Contexte
Le territoire
de l’Est Lyonnais, composé de 29 communes se caractérise en fin 2011 par une
part de population jeune (-26 ans) au chômage la plus élevée de la région
(35%), et une part conséquente de personnes ayant un bas niveau de
qualification (40%). Une augmentation du chômage de 7% contre 4% en région
est significative, avec une croissance du nombre d’accueils dans les Missions
Locales, faisant remonter une précarité grandissante sur le territoire.
Historique
Ouvert en
novembre 2011, le chantier naval d'insertion MSD Voil'Avenir a depuis ce jour
mis à l'eau son premier catamaran accessible aux personnes à mobilité réduite
construit par des salariés en Contrat Unique d'Insertion. Durant leur
contrat, les salariés ont pu pratiquer les techniques propres à la
menuiserie, la construction en composite, l'électricité basse tension, la
plomberie, la peinture industrielle ... Autant de corps de métiers
nécessaires en construction navale, pour lesquels les professionnels se sont
mobilisés tant sur le plan technique, qu'humain. Cela a permis à la majorité
des salariés de s'orienter vers une formation qualifiante ou un emploi. Le
premier catamaran a été mis à l'eau le 25 mars 2013 à la Grande-motte et sera
mis à disposition de structures accueillant des personnes handicapées.
Besoins repérés
La période de
construction du premier catamaran dit VA32 a été considérée comme une
première expérimentation. En effet, il n'existe pas à ce jour de chantier
naval d'insertion faisant véritablement de la construction navale, qui plus
est, construisant des catamarans accessibles aux personnes à mobilité
réduite. De ce fait, nous nous sommes placés dans une démarche de veille
permanente portant sur les thématiques de l'insertion, du handicap et de la
construction navale. Des besoins ont été confirmés et d'autres sont apparus.
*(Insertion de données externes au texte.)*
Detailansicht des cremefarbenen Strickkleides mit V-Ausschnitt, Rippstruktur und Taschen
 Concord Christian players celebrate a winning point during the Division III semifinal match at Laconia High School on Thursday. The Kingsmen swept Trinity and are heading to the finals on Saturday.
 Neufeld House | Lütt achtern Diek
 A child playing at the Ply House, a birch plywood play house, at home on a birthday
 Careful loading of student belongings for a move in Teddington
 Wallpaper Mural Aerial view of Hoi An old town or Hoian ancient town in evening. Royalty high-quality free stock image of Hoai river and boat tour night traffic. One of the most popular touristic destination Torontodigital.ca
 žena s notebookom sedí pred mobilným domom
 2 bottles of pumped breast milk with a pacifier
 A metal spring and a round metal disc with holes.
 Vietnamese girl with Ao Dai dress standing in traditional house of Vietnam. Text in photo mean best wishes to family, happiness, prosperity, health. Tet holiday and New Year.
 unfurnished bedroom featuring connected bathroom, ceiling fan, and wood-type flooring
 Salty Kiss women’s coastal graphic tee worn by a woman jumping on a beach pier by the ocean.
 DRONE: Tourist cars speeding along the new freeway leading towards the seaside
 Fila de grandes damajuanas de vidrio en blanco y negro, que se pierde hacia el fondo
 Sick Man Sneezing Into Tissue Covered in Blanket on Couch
Besoins portant sur l'insertion: - Voil'Avenir se situe au coeur d'une région dominée par la plasturgie et les composites, secteurs en tension - Les salariés ont un besoin d'insertion professionnelle, mais cela ne peut être effectif qu'après avoir retrouvé une estime de soi. Les échanges avec les personnes handicapées et l'objet même du chantier ont confirmé ce besoin essentiel, de par le fait que cette première expérimentation a donné la possibilité aux salariés d'être valorisés au travers de leurs compétences techniques et relationnelles. Besoins concernant le handicap: - Le VA32 sera mis à disposition des structures accueillant des personnes handicapées. De ce fait, ce catamaran remplira son objectif premier. Nous avons constaté avec les clubs et les écoles de voile que les personnes valides désireuses naviguer se trouvent à leur tour en "situation de handicap" lors des navigations du fait de l'aménagement spécifique du pont.
- Les
structures ont émis le besoin d'un catamaran plus petit privilégiant la
navigation en équipage mixte, personnes à mobilité réduite et personnes
valides, dans un objectif de mixité.
Besoins
portant sur la thématique de la construction navale:
- Nous sommes
confrontés à une exigence de finition extrême. Nous devons donc livrer un
catamaran dont les finitions doivent
être similaires à celles d'un chantier naval
« professionnel ».
- Nous avons pu aussi constater que la construction en contreplaqué demande une diversité de gestes à effectuer trop importante pour nos salariés. Ils ont besoin de s'approprier le geste par un temps de pratique plus long et une responsabilité donnée dans l'exécution de la tâche demandée.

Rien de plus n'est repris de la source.